While we're on the topic of Morningstar, I'd like to share a pet peeve concerning its vaunted star rating system. Although waffling on this point from time to time and from publication to publication, the well-respected investment advisory service assigns 1-to-5 stars to an OEF or ETF based on its past relative performance and, presumably, future performance. But Morningstar is a dedicated "value" shop that scours the fund universe for underloved but deserving candidates for your portfolio. Almost by definition, an OEF or ETF turned up in this way will consist of stocks that have recently underperformed (and have less rather than more stars). Given this paradox, we should not be surprised to find an OEF receiving an Analyst's Pick designation despite its 2 stars (T. Rowe Price New America Fund), and an entire category of ETF's earning a buy rating even though none of its component funds had a star rating higher than 3 (large-cap growth). What's going on here? Do higher star ratings fortell better returns or don't they? If not, what's their usefulness? Or is what we're slicing here just another oversimplified investment formula--in other words, a turkey.

Roger Nusbaum said...

The M-star rating is, I think, totally backwards looking. Think about how can anyone look forward at what a person managing a fund will do six months from now?

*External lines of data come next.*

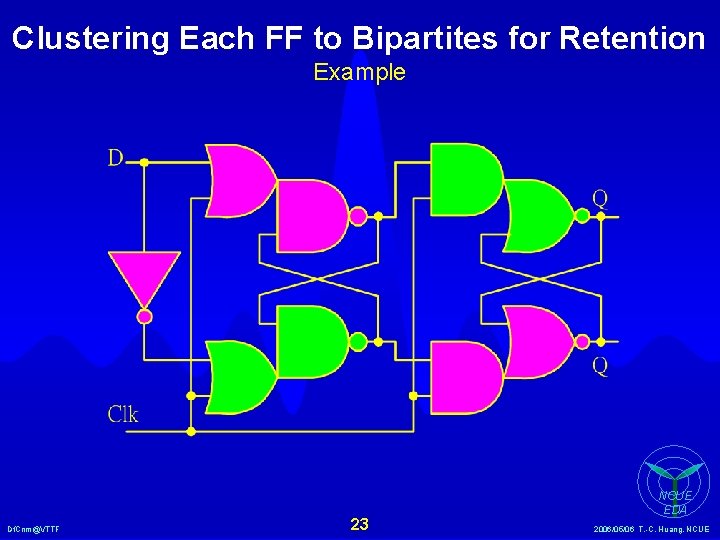 Clustering Each FF to Bipartites for Retention Example Df. Cnm@VTTF 23 NCUE EDA 2006/05/06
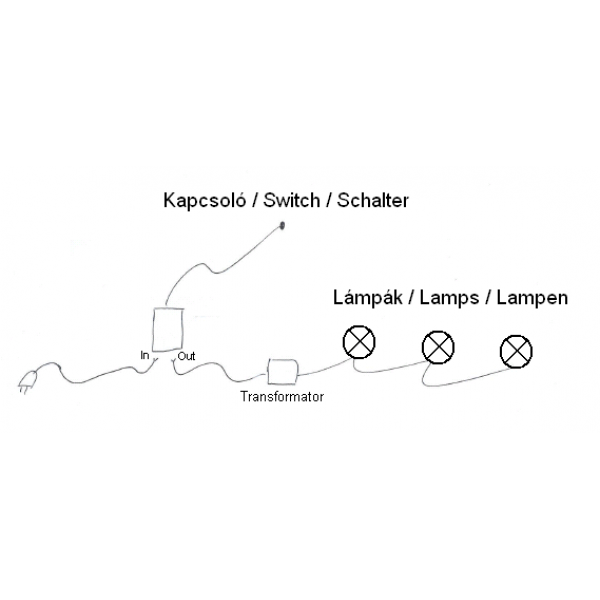 LEDline - Beleuchtung | MOTE International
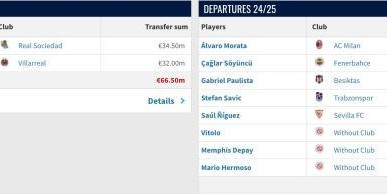 PP电子官网-马竞下血本签阿尔瓦雷斯，这是一笔三赢交易？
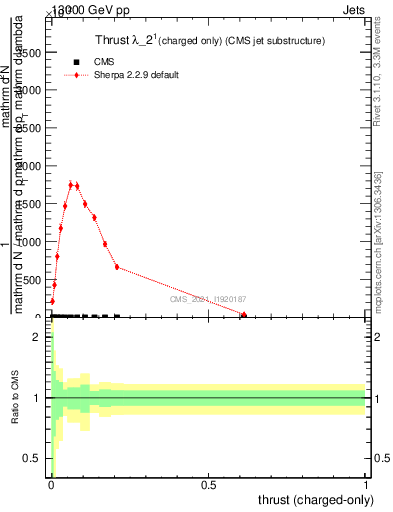 Plot of j.thrust.c in 13000 GeV pp collisions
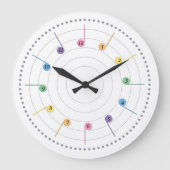Spring Melody (radiaal) Grote Klok (Voorkant)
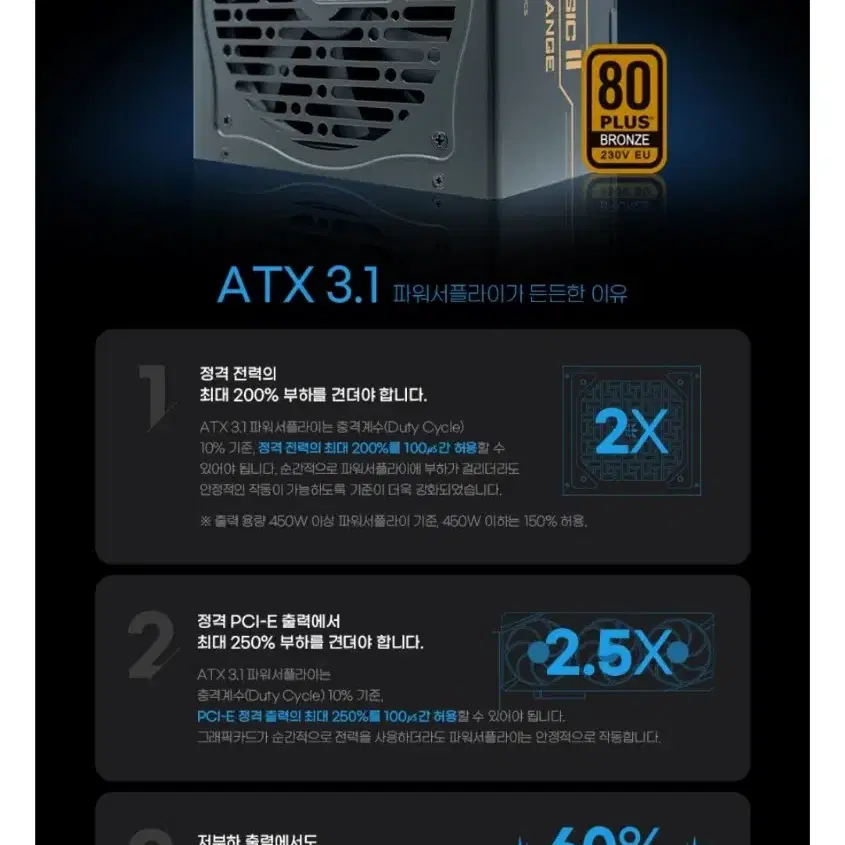 마이크로닉스 풀체인지 600w ATX 3.1 파워 서플라이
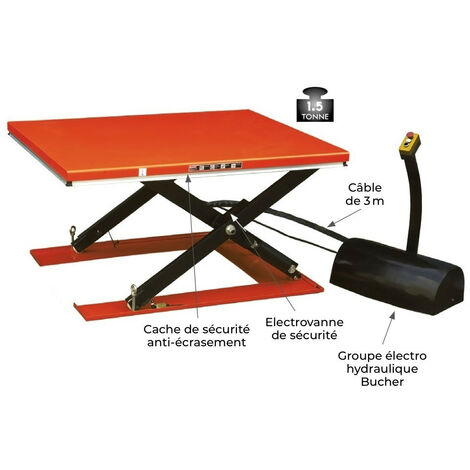 Table élévatrice compacte électrique - HZ 1000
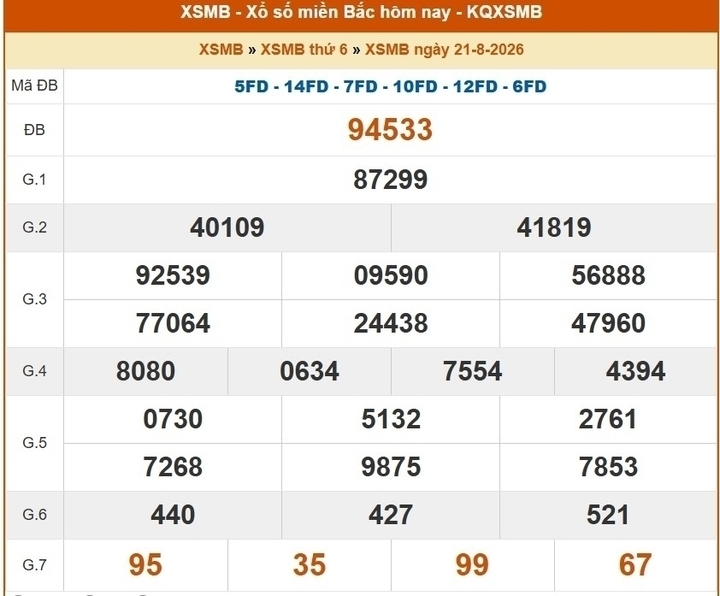 XSMB 27/08 - Xổ số miền Bắc hôm nay ngày 27/08/2026 - Ảnh 7.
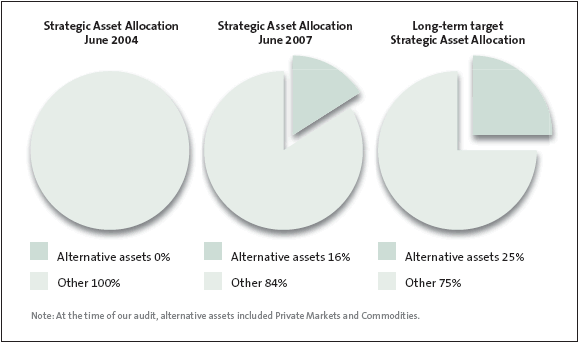 Figure 6: Increase of alternative assets in the Strategic Asset Allocation since 2004. 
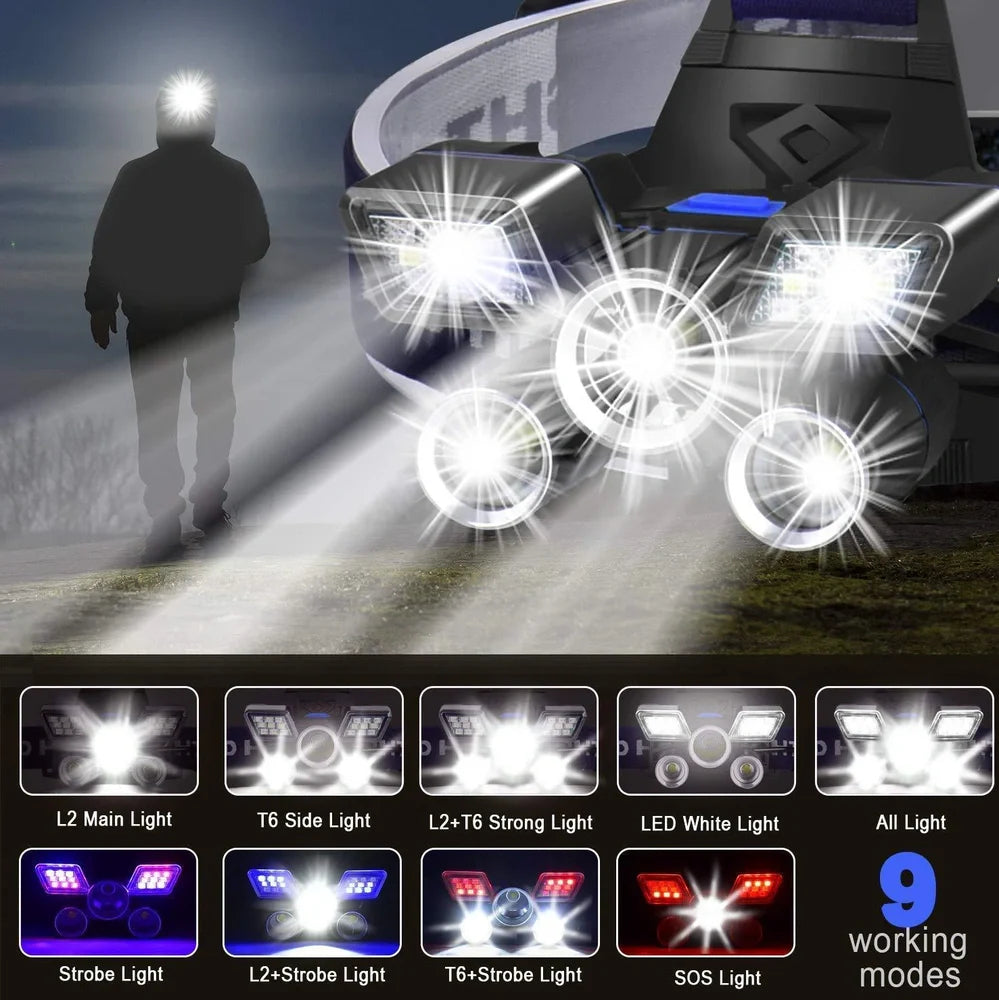 ZK20 aluminium alloy LED headlamp with dual COB light sources and flat lens design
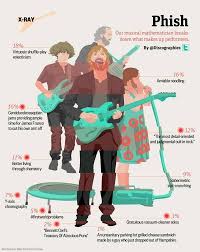 Birds Of A Feather Song Phish Ha Ha Ha Phish Trey Anastasio My Favorite Music
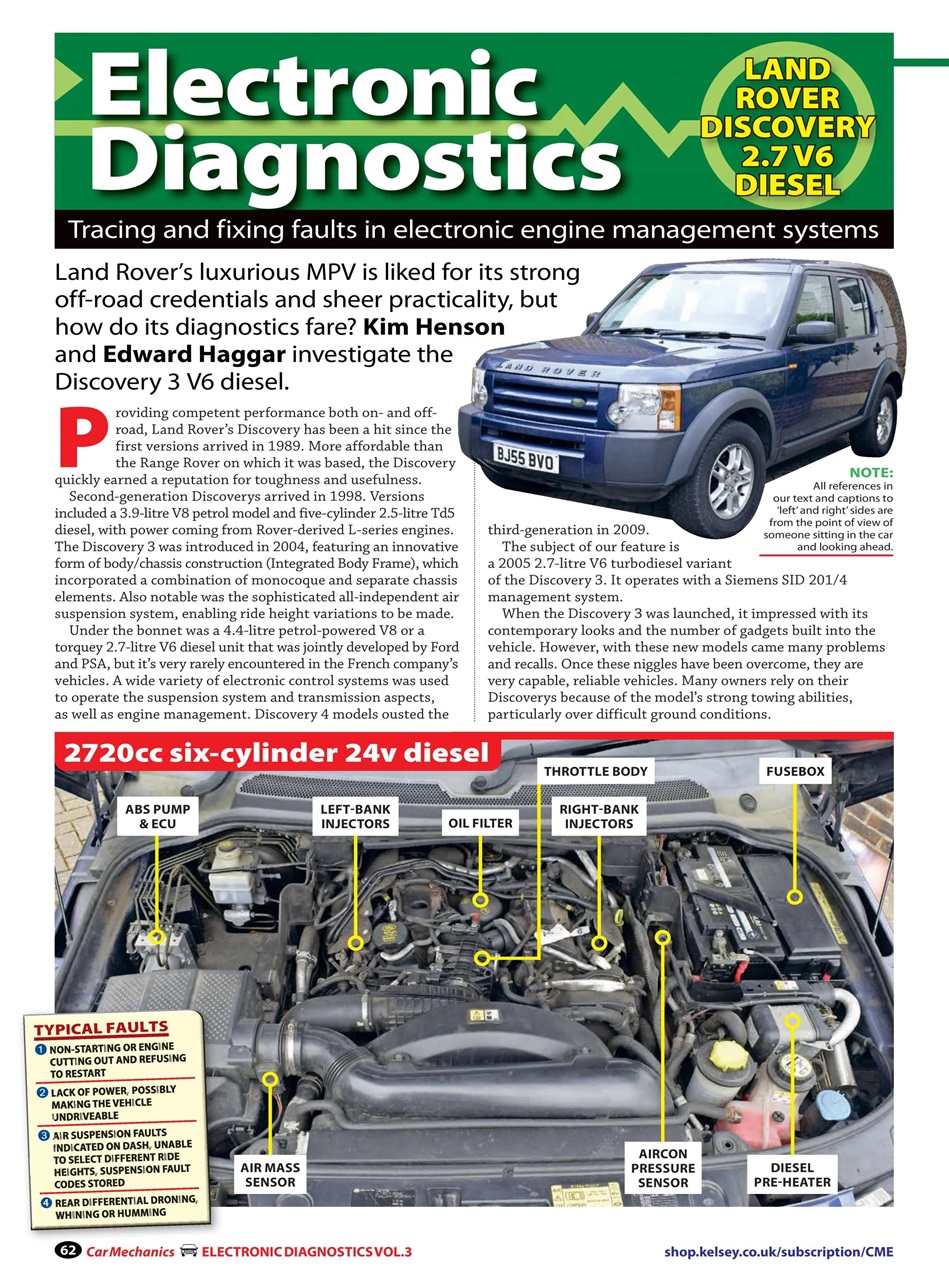 Car Mechanics Expert Preview Pages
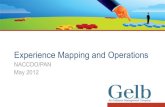 Experience Mapping and Operations - Endeavor Management · Marketing or educational resources Ideal relationship Initial contact with referral facility Scheduling/transfer process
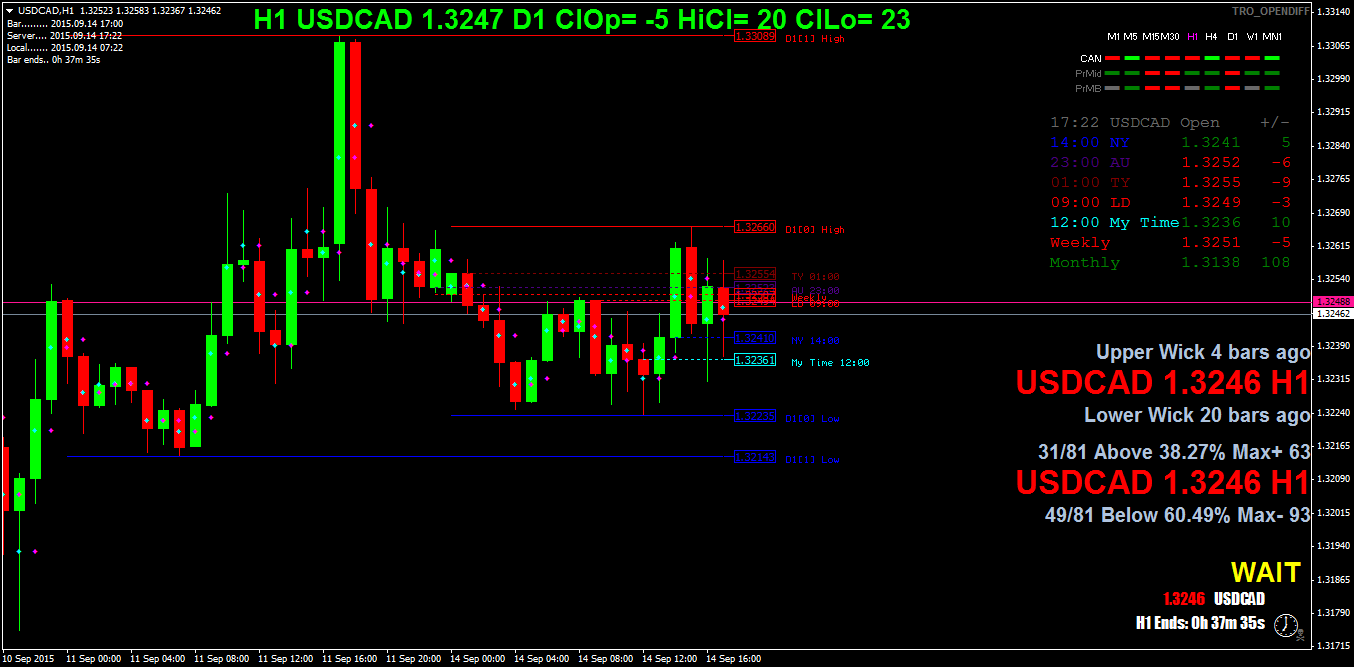 usdcadh1.png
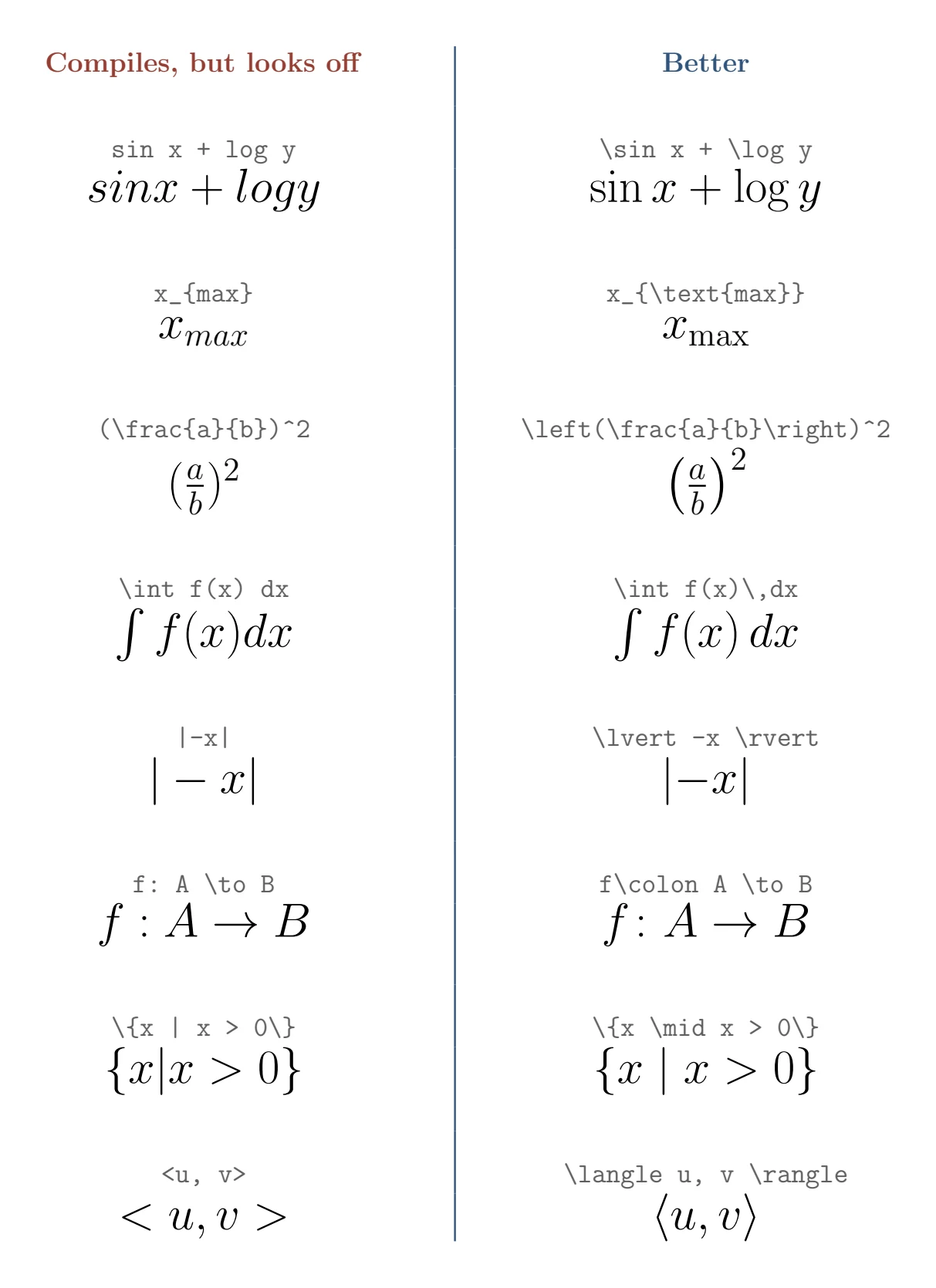 Pairs of LaTeX typeset by pdflatex, rough on the left and better on the right: sin and log without and with backslashes, a subscript max in italic and upright, brackets that do not and do grow around a fraction, an integral without and with a thin space before dx, absolute value bars with a spaced and an unspaced minus, a function colon with relation and punctuation spacing, set-builder notation with a cramped and a spaced bar, and angle brackets typed as less than and greater than signs and as proper angle brackets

I think foward looking analysis can be done on an index, sector, style etc but I don't think they actually do any thing forward looking here either.

russell120 said...

You read this type of paper about yen strength during the 90s and you really wonder how the more interactive dollar could even be remotely predicted.

www.diw.de/deutsch/produkte/
publikationen/vierteljahrshefte/
docs/papers/v_01_4_4.pdf

Anonymous said...

Concerning Alan Newman's article on ETF start-ups buoying the market, it would seem that he is assuming that those that buy into ETFs are using cash that they have been sitting on for some time.

I too have purchased some ETFs this year. But I got the money from individual stocks that I sold.

I would have to argue that most of the money that goes into ETFs come this way as well, or through the selling of one's mutual fund(s).

Anonymous said...

Roger. This may be a stretch of your blog but in the spirit of helping the do ityour selfer I thought I would ask if fellow readers have investigated Crowder Investments. You mentioned them as a vehicle for using options on one of your weekend video blogs. I want to be open minded to options if safely used. I purchased one of his educational reports and with this product comes two months of a semimonthly newsletter. Crowder was featured in WSJ, so I assume there must be something good about his work. From an educational standpoint (understanding the nuts and bolts of his strategies) I'm having a problem which I have not been able to resolve with the author.(The author and I have done a pretty good job of insulting each other.) Before I move on, I was interested in knowing if others have reviewed his work and what their experience has been. Are there forums, other than Hulbert, to get reader opinions on newsletters?

Roger Nusbaum said...

Russell120,

A friend of mine took German in highschool so it was perfectly clear to me, ahem.

russell120 said...

http://129.3.20.41/eps/
if/papers/0404/0404017.pdf

Ok, this one might work. It can be a bit tricky getting the URL of direct link PDFs sometimes.